D’où est venue l’idée du film ? D’où vient la décision d’en faire un film?
Pendant le montage de mon documentaire, Pénélope mon amour, je pensais que j’allais aborder toutes les questions qui me taraudaient autour de la différence, de l’autisme. Je voulais tout y mettre une fois pour toutes et ne plus en parler. Bien mal m’en a pris. J’ai commencé à tirer le fil d’une bobine qui n’arrête pas de s’allonger et de se rembobiner ; qui me pousse à réaliser des petits films satellites auto-produits. J’ai réalisé par ailleurs que filmer en super 8 n’était pas seulement un geste « faute de mieux, faute de temps… » comme je me le suis racontée pendant des années, mais que cela faisait partie de ma méthode de travail. Je filme en super 8, les images restent au fond d’un puits un certain temps, puis une forme de nécessité à prendre la parole me pousse à saisir le seau et à le descendre au fond du puits pour aller chercher les images. Je vois ce qui remonte à la surface sans trop chercher à les maîtriser, les couper, en laissant jouer le hasard.
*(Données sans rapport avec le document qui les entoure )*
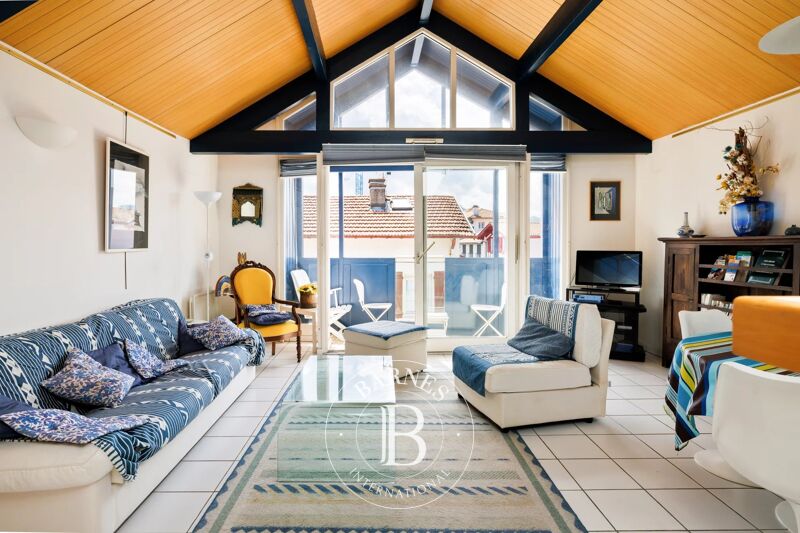 Venta, Piso Saint-Jean-de-Luz - picture 3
Au-delà du constat ponctuel d’un désaccord, vous développez une réflexion d’une plus vaste portée : sur les gestes, la contrainte, la liberté. Pouvez-vous commenter, développer ?
La lettre que je lis fait le constat d’une attente non partagée. Plus que la déception qu’engendre ce constat, cette lettre est un prétexte pour parler des gestes de Pénélope. Je remarque que ces gestes renvoient à quelque chose d’insupportable pour les autres et pour moi aussi. Il faut toujours les interpréter, soit en faveur d’une contrainte pour les « éliminer », soit en faveur « d’un laisser faire ». Il faut toujours y mettre du sens parce que ça nous rassure. J’aime l’expression qu’emploie Deligny pour les caractériser. Il s’arrête au seuil de l’interprétation. Il parle des gestes « faute de quoi que ce soit ».
Avec SUSPENSION, j’essaye d’ausculter l’intérieur de ma psyché, d’observer la relation entre geste et relation. Je me dis que c’est ce que je vais faire, tracer au fil de l’eau, de la façon la plus verticale possible, ce qui me meut dans ce trajet de vie avec Pénélope. Les étapes. Je me sens autorisée grâce à des amis qui me disent « vas-y, vas-y ». Au moment de la fabrication du film, j’ai senti que tout était en suspens.